This cool thang however is more relevant to the buchla easel clone format zone im into and its even normalled to some of the 208 cvs…they have a standard 4U module too…im gonna get one as soon as I can spare some cash

I’m in the process of trying to sync Ableton, Eurorack, and an Elektron Digitone. The sync and latency problems are really bad at the moment. To solve this I’m trading in my ES-8 for a thunderbolt audio interface (8Pre Clarett) and I bought a Bastl Instruments Klik. (I was trying to avoid getting the ERM Multiclock because of the price.) So, my idea was to use the Klik to clock my modular, then sync my Digitone with a CV to MIDI converter. Then I stumbled upon this page and saw that the QuNexus works as a converter. That’s when I realized that my Arturia Keystep Pro has a CV Sync input. Can I plausibly do the following?
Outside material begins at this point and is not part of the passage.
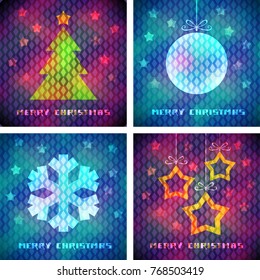 Vector set of christmas card with sparkling decoration and snowflakes. Holiday background in retro style. Collection of cute illustration for print, web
  • Audio clock out from Ableton into the Klik
  • Klik into my Eurorack system (Pamela’s New Workout.)
  • Clock out from Eurorack into the Keystep Pro
  • Keystep Pro MIDI out into the DIgitone

Is this a potential MIDI sync nightmare or something that can work? I’m assuming Ableton and the Digitone’s MIDI settings will have to be perfect but as of now I’m not sure what to watch out for.